Stage one was adding a Fogger, a DMX Controller and two DMX Lasers, which was a simple case of buying the gear (about AU$800) and plugging them in.
Now this would be enough for some people. But i'm not some people :P Guests were already impressed by the show, but I wanted more!
The next stage involved a high brightness RGB LED can, which could also be controlled over DMX. AU$300 later and there it was.
I still don't have a good photo of a live show with the waterfall flowing, and the RGB can, Fogger & Lasers all going, but i'll be sure to get one soon (along with hopefully, video!)
Now all this was great, the guests were impressed, the budget wasn't blown, and it looked awesome! But there were still two problems. Firstly the laser show itself wasn't sync'ed to the music as well as I would like, The lasers have small microphones built in and progress through their pattern to the beat, but the scenes they display are the same every time, and have nothing to do with the music. I wanted it to be more 'dynamic', and react better to the music that was being played. The other issue was that someone had to be in 'the cave' to drive the show every time.

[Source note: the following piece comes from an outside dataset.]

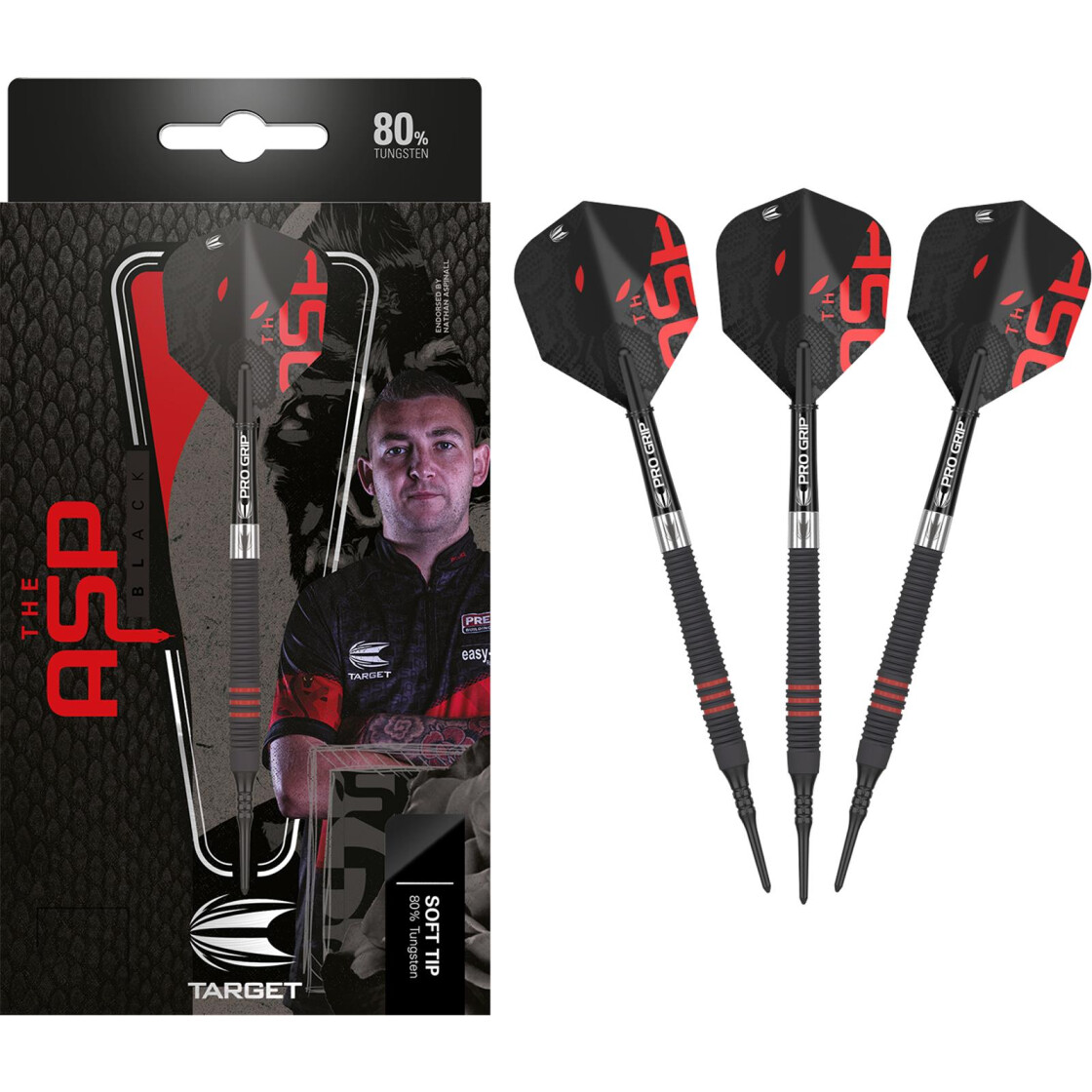 Target - Nathan Aspinall - Black 18g Softdart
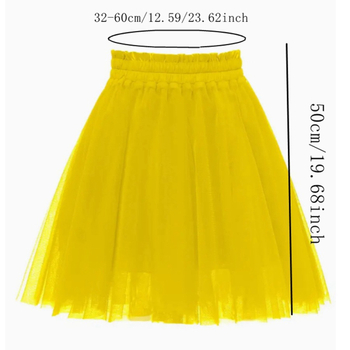 Fustă plisată cu talie, cu plasă de criptare, cusut, tutu pentru adulți, performanță, fustă de alergare, Halloween, cadou de Crăciun, fustă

Being the hacker I am, there was a clear solution. It had to be computer controlled!
So to get started, I ordered an OpenDMX USB dongle, and started to play. I'd decided I wanted a web interface, so that the show could be controlled by either the computer at the front desk, or from a PDA or Mobile Phone out in the crowd.

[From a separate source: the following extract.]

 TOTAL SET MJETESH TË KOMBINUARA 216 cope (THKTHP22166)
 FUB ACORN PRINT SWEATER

Heres some snaps from the first iteration of the software:
Due to the dongle's design, and the basic design of the DMX protocol, I was forced to build the system in two parts. The first part was a daemon written in VB.NET, which spoke DMX to the devices, and listened on a network port for instructions. I created a simple protocol similar to G-Code to allow me to update an individual DMX 'fixture', or to send an entire animation controlling any number of fixtures and containing any number of frames, along with a rudementary 'timescale' option to control the speed. The daemon would store these animations, and could play them on demand as required.

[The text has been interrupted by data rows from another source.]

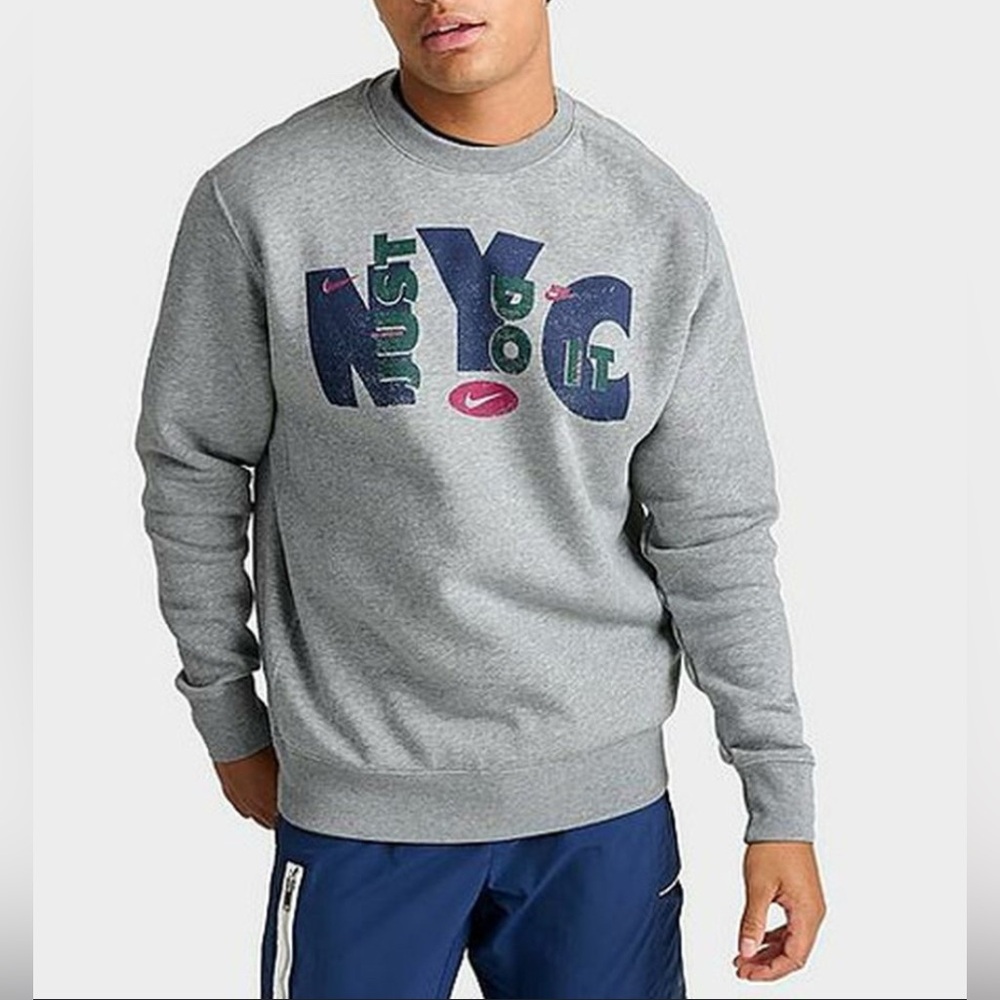 Nike Men's Sportswear Club Fleece NYC Crewneck Sweatshirt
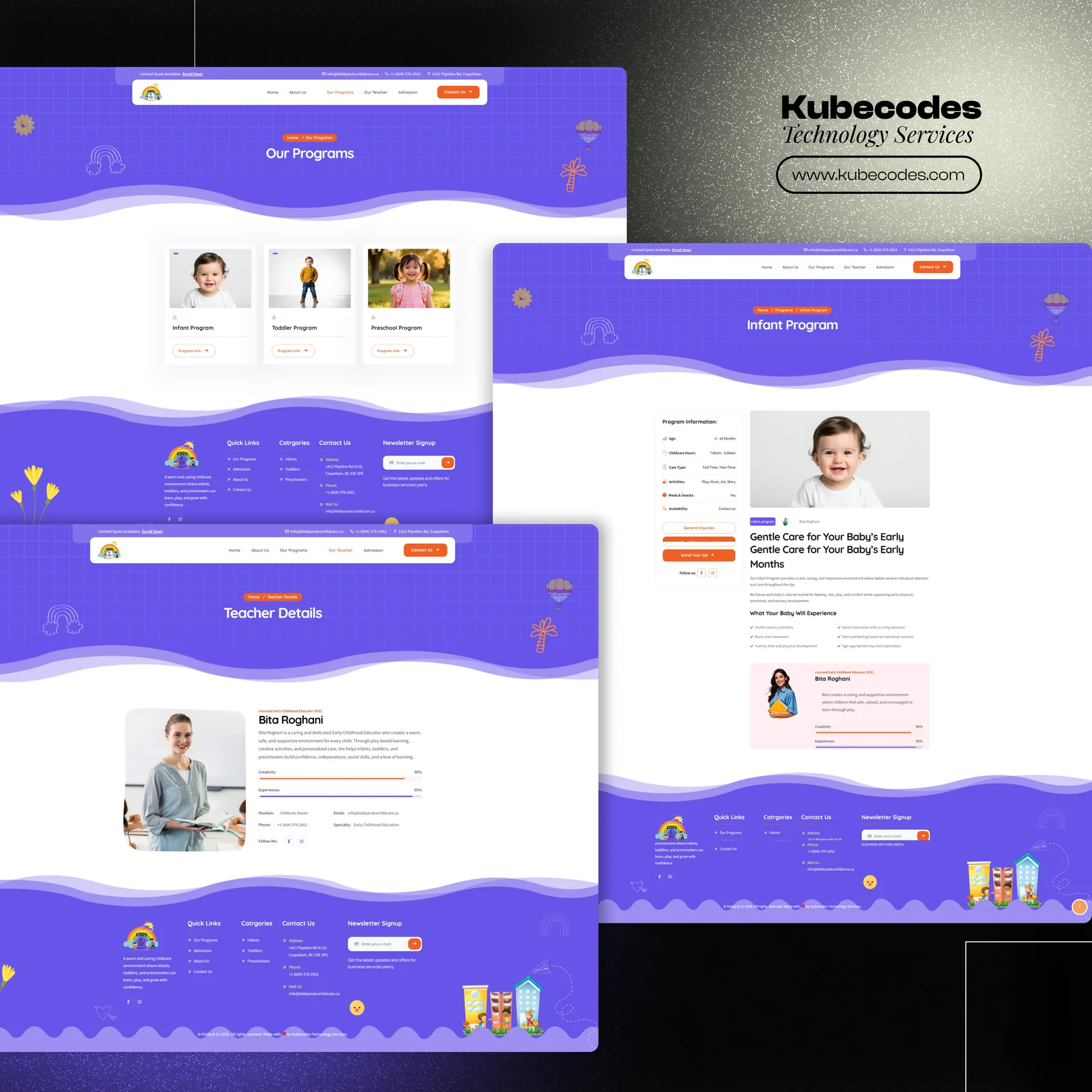 Daycare WordPress Website Development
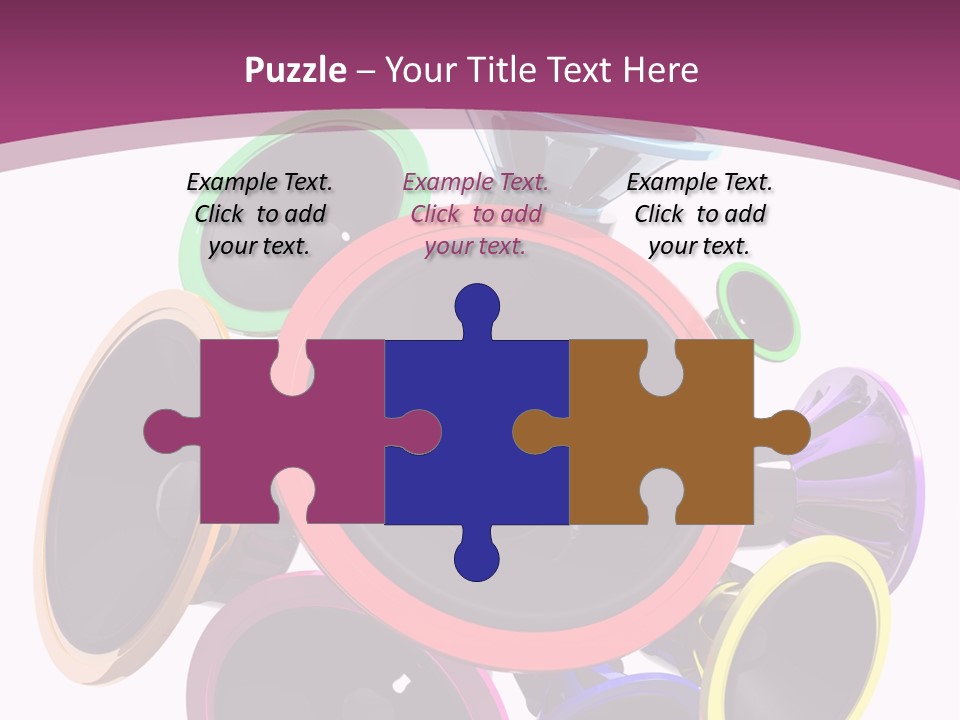 Set White Wave PowerPoint Template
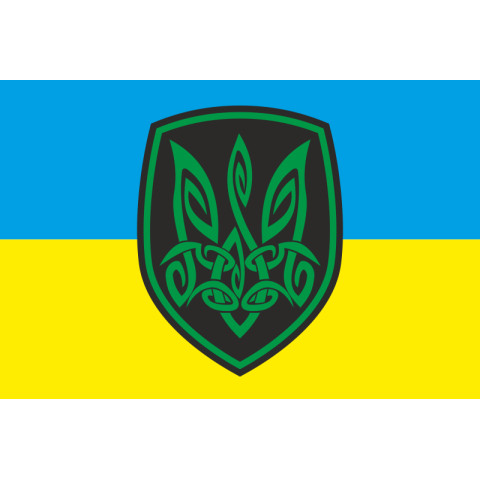 Флаг с стилизованным тризубцем. Вариант-02/01 Флаг с стилизованным тризубцем. Вариант-02/01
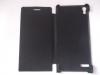 Кожен калъф Flip Cover тип тефтер за Huawei Ascend P6 - черен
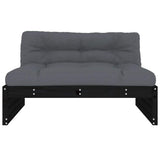 Vidaxl middenbank 120x80 cm massief grenenhout zwart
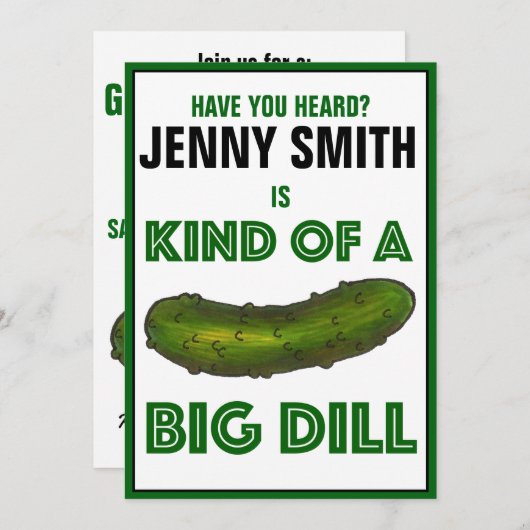 Een soort Groot Afstuderen van de Dill (Deal) Groe Kaart (Voorkant / Achterkant)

The second part of the system was the front end, which was built in PHP, which indexed the music available for play, allowed manual control over the devices, or would run an automated show which was similar to what was already being done by hand.
This system worked great, but had only solved one of my issues. I still didn't have much more control over the actual patterns being displayed by the lasers, and I was limited in how complex the show became due to PHP not having any firm idea of the current position in the music track.
Also we wanted more control over the existing fixtures in the waterfall itself: The 4 white floodlights on each corner, the waterfall itself, and even power to the Amp desk to save on power while the show wasn't running.
I've recently started playing with PICmicro processors and found that with some minor hacking, they can act as DMX receivers. I quickly built an 8 channel DMX switch pack, with 6x 300w MOSFET outputs for the floodlights, lasers & fogger, and 2x 7200w relay outputs for the Amp desk and Waterfall pump. Now I had full control over the entire show, from power up to power down, with only the computer and this switchpack needing to be left on.
The next iteration of the software uses YAML to 'script' an entire show (sample here) with events that can be added with a precision of around 20ms, to change laser patterns, the colour of the RGB can, give more or less fog, etc. and will powerup the fogger & amp desk 15 minutes before a show to let them warm up, and most importantly, gives me an extendable platform to build the show up as I go.
I'm still in development on the new version of the software, but will keep you updated as I progress!